REQUIRED ACTION =
What you return must be an exact copy of the lines in the listing below between the line holding "Sleek black glass" and the line holding "cropped image of", inclusive, and nothing more.

INPUT =
──────────────────────────────

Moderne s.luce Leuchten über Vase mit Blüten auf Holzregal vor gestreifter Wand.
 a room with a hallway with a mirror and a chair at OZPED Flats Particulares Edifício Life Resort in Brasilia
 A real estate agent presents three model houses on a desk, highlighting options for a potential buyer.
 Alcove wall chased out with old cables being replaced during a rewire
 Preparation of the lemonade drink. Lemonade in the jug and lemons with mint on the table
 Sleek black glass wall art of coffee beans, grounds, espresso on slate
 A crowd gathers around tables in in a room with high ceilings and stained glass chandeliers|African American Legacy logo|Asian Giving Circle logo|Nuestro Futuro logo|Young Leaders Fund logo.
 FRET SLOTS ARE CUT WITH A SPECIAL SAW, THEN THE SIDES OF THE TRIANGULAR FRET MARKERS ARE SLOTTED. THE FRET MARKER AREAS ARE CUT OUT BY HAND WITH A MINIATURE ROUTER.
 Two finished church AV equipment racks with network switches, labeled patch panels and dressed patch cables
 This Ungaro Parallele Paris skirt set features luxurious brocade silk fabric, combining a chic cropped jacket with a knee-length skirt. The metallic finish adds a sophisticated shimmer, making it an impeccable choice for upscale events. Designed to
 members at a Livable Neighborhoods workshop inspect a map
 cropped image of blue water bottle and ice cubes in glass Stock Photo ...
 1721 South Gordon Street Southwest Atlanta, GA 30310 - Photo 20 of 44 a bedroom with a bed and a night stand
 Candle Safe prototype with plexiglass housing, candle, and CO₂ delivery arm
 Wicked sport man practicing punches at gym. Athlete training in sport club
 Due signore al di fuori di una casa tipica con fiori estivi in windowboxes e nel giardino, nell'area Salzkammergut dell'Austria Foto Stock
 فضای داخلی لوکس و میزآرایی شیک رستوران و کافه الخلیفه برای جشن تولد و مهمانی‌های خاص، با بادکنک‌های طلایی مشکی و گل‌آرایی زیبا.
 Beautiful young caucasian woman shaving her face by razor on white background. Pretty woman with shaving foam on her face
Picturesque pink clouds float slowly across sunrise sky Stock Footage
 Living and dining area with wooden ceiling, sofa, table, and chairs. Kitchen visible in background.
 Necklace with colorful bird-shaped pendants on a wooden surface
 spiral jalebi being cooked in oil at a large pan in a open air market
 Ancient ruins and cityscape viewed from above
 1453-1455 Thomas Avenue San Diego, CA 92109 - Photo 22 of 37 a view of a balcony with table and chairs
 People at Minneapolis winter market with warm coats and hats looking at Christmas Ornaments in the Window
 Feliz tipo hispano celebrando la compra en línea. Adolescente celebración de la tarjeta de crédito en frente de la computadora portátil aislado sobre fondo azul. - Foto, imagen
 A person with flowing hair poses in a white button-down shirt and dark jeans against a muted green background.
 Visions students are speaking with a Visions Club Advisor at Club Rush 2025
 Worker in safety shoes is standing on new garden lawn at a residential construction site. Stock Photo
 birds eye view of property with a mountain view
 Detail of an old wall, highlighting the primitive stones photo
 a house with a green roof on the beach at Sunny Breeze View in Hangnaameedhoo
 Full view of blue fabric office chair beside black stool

──────────────────────────────

REPLY =
 Sleek black glass wall art of coffee beans, grounds, espresso on slate
 A crowd gathers around tables in in a room with high ceilings and stained glass chandeliers|African American Legacy logo|Asian Giving Circle logo|Nuestro Futuro logo|Young Leaders Fund logo.
 FRET SLOTS ARE CUT WITH A SPECIAL SAW, THEN THE SIDES OF THE TRIANGULAR FRET MARKERS ARE SLOTTED. THE FRET MARKER AREAS ARE CUT OUT BY HAND WITH A MINIATURE ROUTER.
 Two finished church AV equipment racks with network switches, labeled patch panels and dressed patch cables
 This Ungaro Parallele Paris skirt set features luxurious brocade silk fabric, combining a chic cropped jacket with a knee-length skirt. The metallic finish adds a sophisticated shimmer, making it an impeccable choice for upscale events. Designed to
 members at a Livable Neighborhoods workshop inspect a map
 cropped image of blue water bottle and ice cubes in glass Stock Photo ...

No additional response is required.